Graph Valid Tree

Question

Given n nodes labeled from 0 to n - 1 and a list of undirected edges (each edge is a pair of nodes), write a function to check whether these edges make up a valid tree.

For example:

Given n = 5 and edges = [[0, 1], [0, 2], [0, 3], [1, 4]], return true.

Given n = 5 and edges = [[0, 1], [1, 2], [2, 3], [1, 3], [1, 4]], return false.

Hint:

Given n = 5 and edges = [[0, 1], [1, 2], [3, 4]], what should your return? Is this case a valid tree? According to the definition of tree on Wikipedia: “a tree is an undirected graph in which any two vertices are connected by exactly one path. In other words, any connected graph without simple cycles is a tree.” Note: you can assume that no duplicate edges will appear in edges.
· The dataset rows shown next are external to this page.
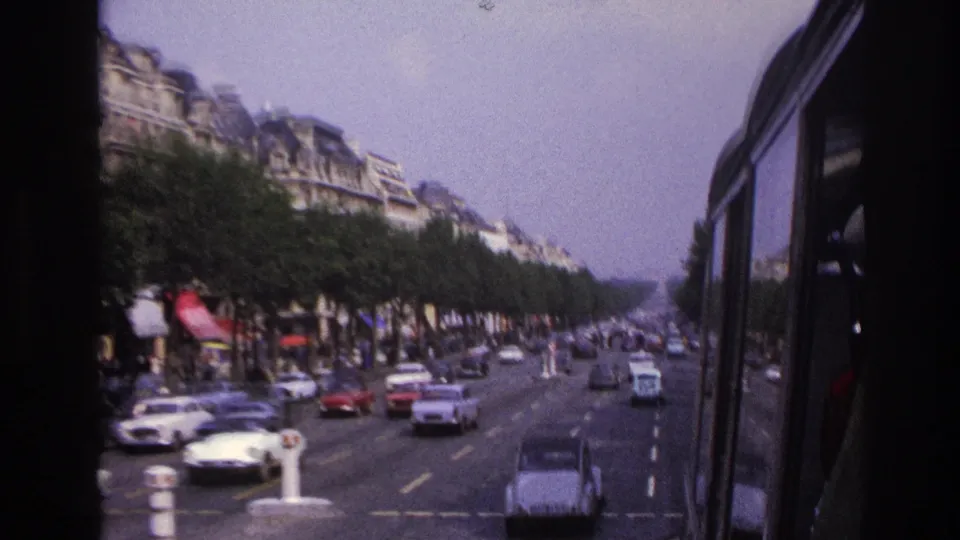 Moving-vehicle 8mm view of a 1967 Paris boulevard with vintage cars, pedestrians, trees, and apartment buildings.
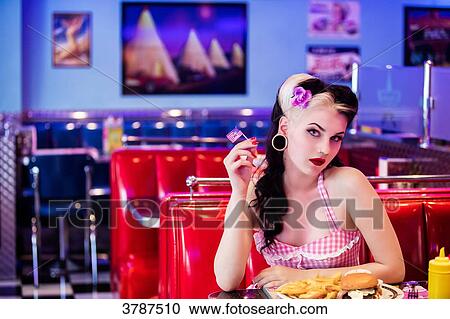 Portrait of a young Pin Up, face in profile, holding a small American flag View Large Photo Image Stock Image - Portrait of a young Pin Up, face in profile, holding a small American flag. Fotosearch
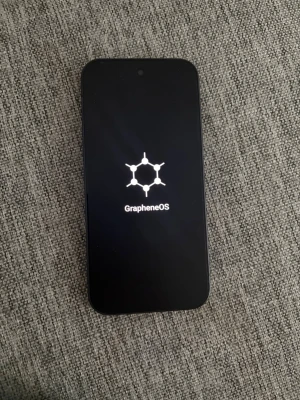 Google Pixel 9A - Säljer en svart Google Pixel med GrapheneOS installerat. Telefonen har en stilren design med rundade hörn, en bakre kamera och LED-blixt. Baksidan är matt och har ett diskret G-logotyp. Perfekt för dig som vill ha en säker och snabb Android-upplevelse.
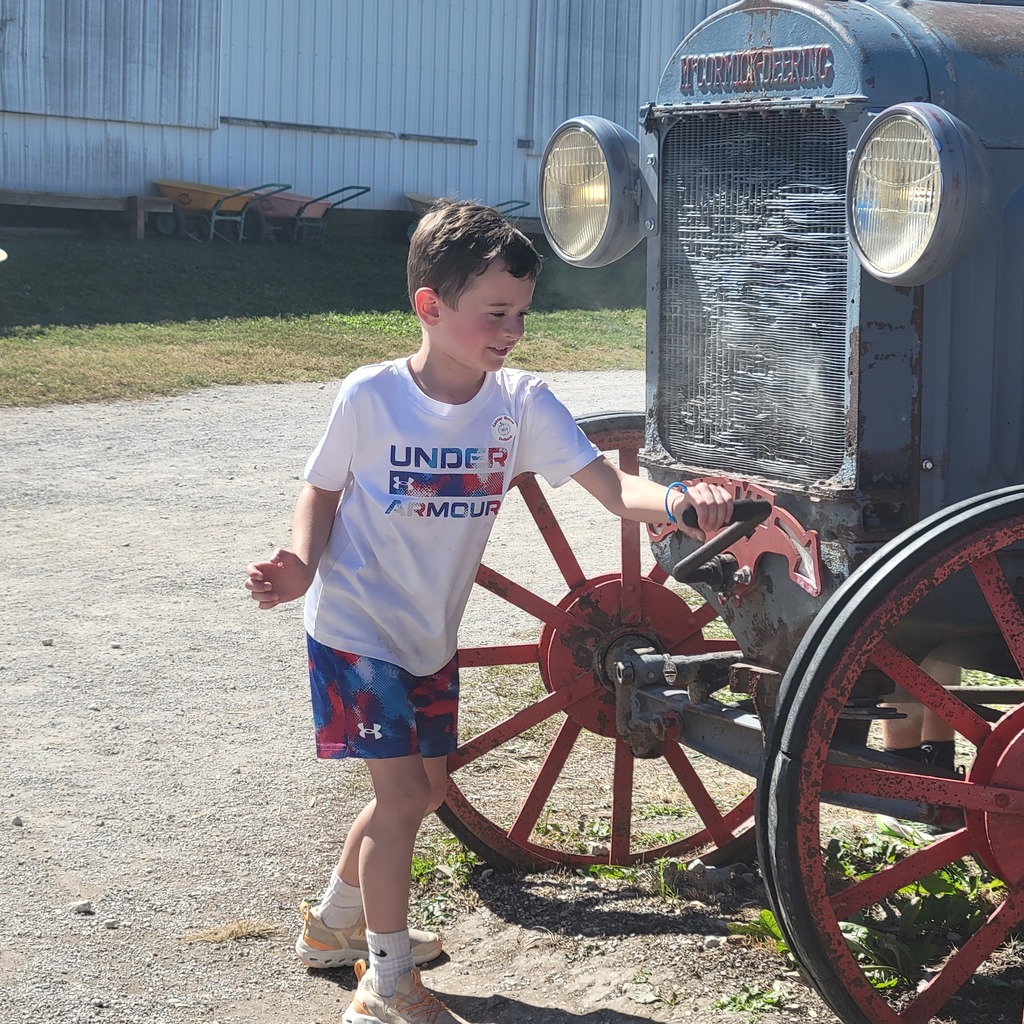 Students playing with the front of an old tractor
Since all edges are undirected, [0, 1] is the same as [1, 0] and thus will not appear together inedges.

Solution

  1. Treating input as graph, making sure no cycles and one connected component.
  2. check for cycle and connectness in Graph can be done by DFS, BFS and Union-find

DFS from here

class Solution {
public:
    bool validTree(int n, vector<pair<int, int>>& edges) {
        vector<vector<int>> matrix(n);
        for (auto e : edges) {
            matrix[e.first].push_back(e.second);
            matrix[e.second].push_back(e.first);
        }

        int path[n];
        fill(path, path + n, 0);
        path[0] = 1;
        if (hasCycle(matrix, n, 0, -1, path)) return false; // has cycle
        if (accumulate(path, path + n, 0) < n) return false; // not fully connected
        return true;
    }

    bool hasCycle(vector<vector<int>> &matrix, int n, int src, int pre, int path[]) {
        for (auto i:matrix[src]) {
            if (i != pre) {
                if (path[i]) return true;
                path[i] = 1;
                if (hasCycle(matrix, n, i, src, path)) return ture;
            }
        }
        return false;
    }

}